Obséquieux s'il n'était pas le plus fort, l'Italien était implacable dans ses haines ; aux atrocités savantes dans lesquelles il se complaisait, les hommes du Nord vinrent substituer les luttes brutales. L'intempérance grossière du Suisse, l'avidité cruelle de l'Espagnol, la joie licencieuse du Français, blessèrent d'abord un peuple délicat, laborieux et artiste. Mais bientôt l'Italien apprit à ruser les cités, à exterminer les garnisons, à étouffer par le feu les habitants réfugiés dans les grottes. Le caractère français n'eut point à gagner non plus dans ces guerres par delà les monts ; en échange des impôts gaspillés, du peuple ruiné, de la noblesse détruite par les combats où les maladies, la France n'a acquis aucune compensation.
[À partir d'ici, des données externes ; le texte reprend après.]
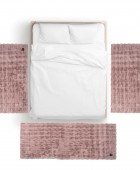 GREENWICH POLO CLUB ΧΑΛΙ 75X140 FAUX FUR 3124 NUDE Χαλιά Κρεβατοκάμαρας
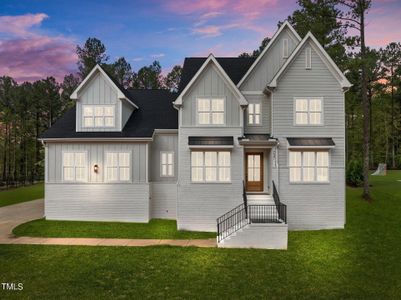 New construction Single-Family house 7941 Wexford Waters Lane, Wake Forest, NC 27587 - photo 0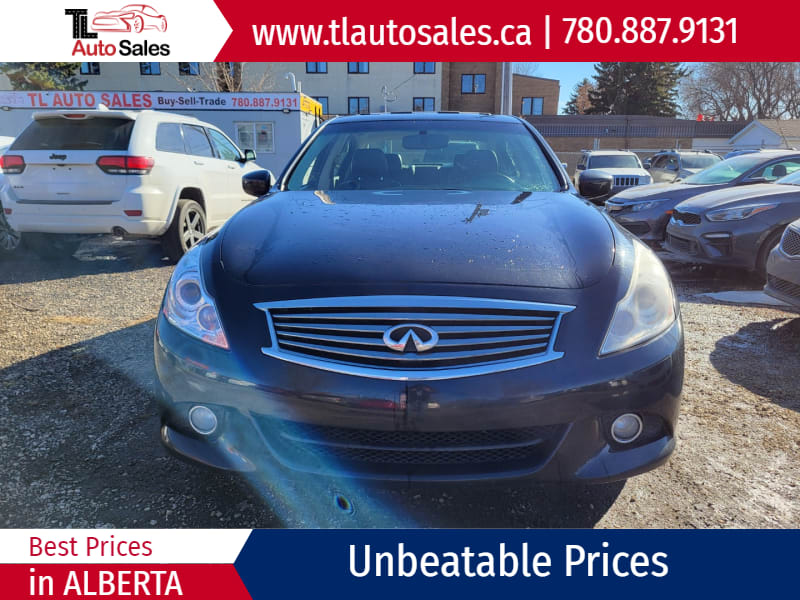 Infiniti G37 Sedan 2012 price $12,500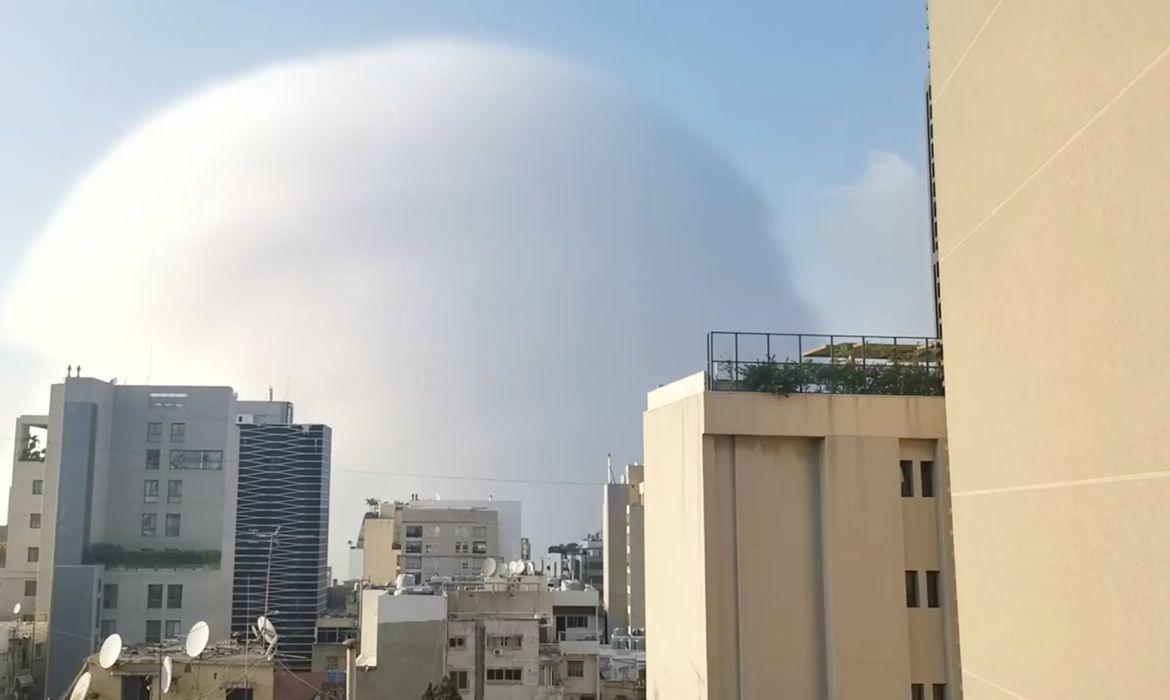 Explosão em Beirute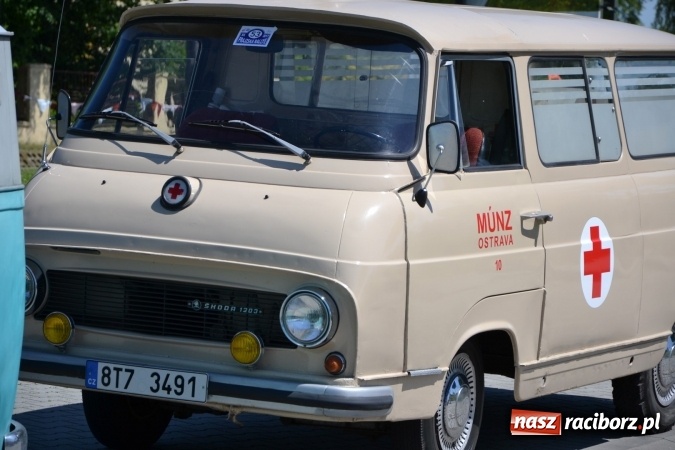 Zdjęcie w galerii na portalu naszraciborz.pl: Prajzska Rallye – czar starych samochodów  wiadomości z regionu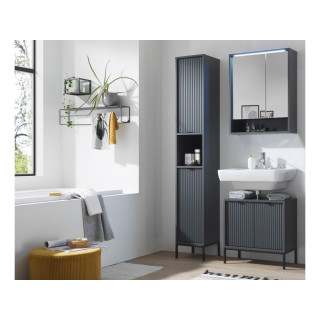 Salle de bain Lucera gris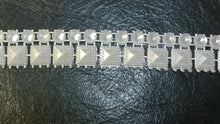 Load image into Gallery viewer, Pearl ribbon, ivory cake banding, cake ribbon, invitations embelishments, bead trim for crafts. by Crystal wedding uk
Au contraire, le contact avec les Italiens avait développé les instincts de loquacité, de fanfaronnade et de vanité bruyante auxquels étaient déjà portées les populations d'une partie de notre territoire. L'Italie envahie nous a donné ses infirmités[36].

Claude de Guise évita de reparaître en Italie, depuis le moment où on l'emporta du champ de bataille de Marignan. Il eut ainsi la singulière fortune d'être le seul des capitaines du Roi de France qui n'ait pas été compromis dans les grands désastres de la Péninsule. Il dut sans doute plutôt au hasard qu'à son choix de faire sa première campagne contre Charles-Quint en Espagne et non en Italie.

La guerre commençait en 1521 sur toutes les frontières ; mais nos plus belles armées étaient envoyées, avec Lautrec, dans le Milanais, ou, avec Bonnivet, en Espagne ; les provinces du Nord étaient dégarnies. Bonnivet devait conquérir la Navarre avec six mille Allemands commandés par le comte de Guise et avec une nombreuse cavalerie. Mais les cuirasses embarrassaient les hommes d'armes et les chevaux dans un pays de montagnes ; les gentilshommes des compagnies d'ordonnance durent marcher à côté de leurs chevaux qu'ils soutenaient par la bride ; chacun de leurs capitaines eut son canon à gouverner[37]. Le canon commençait à figurer dans l'effectif des armées. A cette artillerie, l'armée de Bonnivet dut la prise de Fontarabie. Connue en même temps que les revers de l'armée d'Italie et que l'invasion de ta Champagne, la nouvelle de cette stérile conquête fut accueillie à la Cour avec des transports de joie. La reine Louise de Savoie voulut en attribuer tout l'honneur à Guise, et elle écrivit h Antoinette de Bourbon, sa femme[38] : Vous pouvez vous dire la plus heureuse princesse de France pour ce que vous avez un mari le plus vaillant et le plus heureux qui soit aujourd'hui. Mais Guise n'était pas d'humeur à se trouver satisfait par des paroles flatteuses ; il voulait établir les bases d'une maison souveraine et réunir patiemment toutes les forces qui font la solidité des fortunes ; il se fit concéder, comme récompense de sa campagne de Navarre, le revenu, prouffict et émolument des greniers à sel de Mayne-la-Juhée et la Ferté-Bernard, qui montaient à vingt-quatre mille francs de notre monnaie, et dont une année lui fut payée d'avance. Il ne négligea jamais de recueillir des gages solides de la faveur royale, et chacune de ses expéditions se traduisit par un accroissement de revenus ou de dignités. Avec une avidité patiente, il accrut lentement sa puissance, sans jamais laisser amoindrir ses acquisitions et sans négliger les profits de peu d'importance.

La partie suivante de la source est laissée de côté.